Prix Littéraire des Hussards

Eloge à Michel Déon, à l’occasion de la remise du “coup de Shako” des Hussards (13 mars 2013)

A quoi reconnait-on un hussard canal historique ? C’est très simple : c’est quelqu’un qui se défend vigoureusement de l’être et de l’avoir été. Souvenez-vous de cette année 1952 quand Bernard Frank, qui rêvait déjà de devenir un grand écrivain méconnu, fabriqua dans les “Temps modernes” de Sartre, pour les dézinguer, le mythe des hussards autour de Roger Nimier qui venait de publier le “Hussard bleu”, Antoine Blondin et Jacques Laurent. Un quatrième nom allait bientôt s’ajouter : le vôtre.

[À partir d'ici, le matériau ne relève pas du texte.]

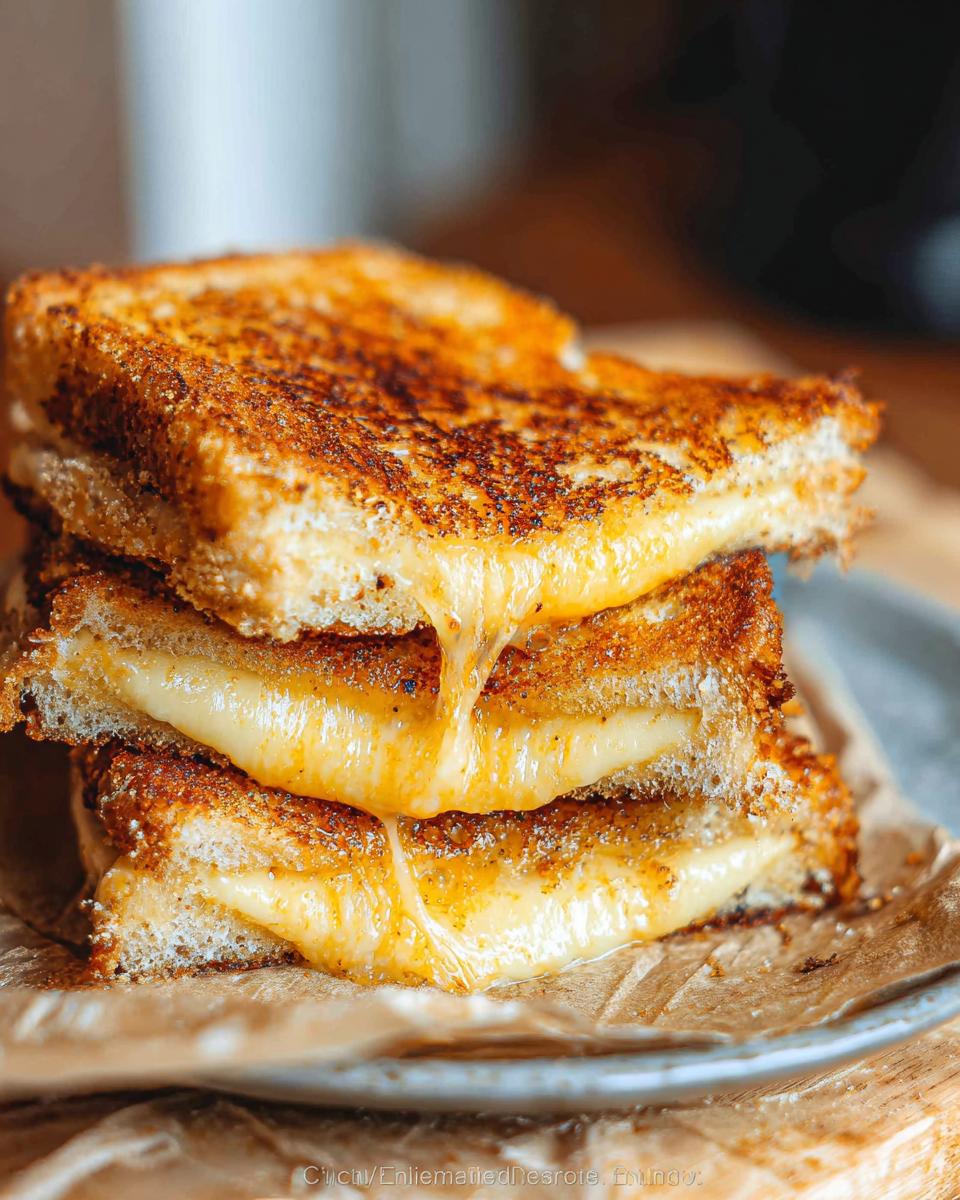 A stack of three golden-brown grilled cheese sandwiches with gooey melted cheese oozing out.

Or, aucun de ces quatre-là ne revendiqua jamais son appartenance à cette glorieuse cohorte. Nimier s’en fichait éperdument, votre ami Blondin était trop occupé à essuyer ses verres de contact, Laurent tricotait sa fortune avec “Caroline Chérie” sans une sympathie excessive pour Nimier. Enfin, vous-même, jeune auteur de “La Corrida”, vous vous demandiez ce que vous alliez faire en cette compagnie. J’ajouterai que pendant toutes ces années-là, il ne vous est arrivé qu’une seule fois de vous retrouver tous les quatre à une même table. Drôle de mousquetaires…
Quelques soixante ans plus tard, dès que l’on prononce le mot sacré de hussard, la bande des Quatre ressort immanquablement au galop et fouette cocher ! Vous avez beau faire le grognard, hussard vous avez été, hussard vous êtes et hussard vous resterez.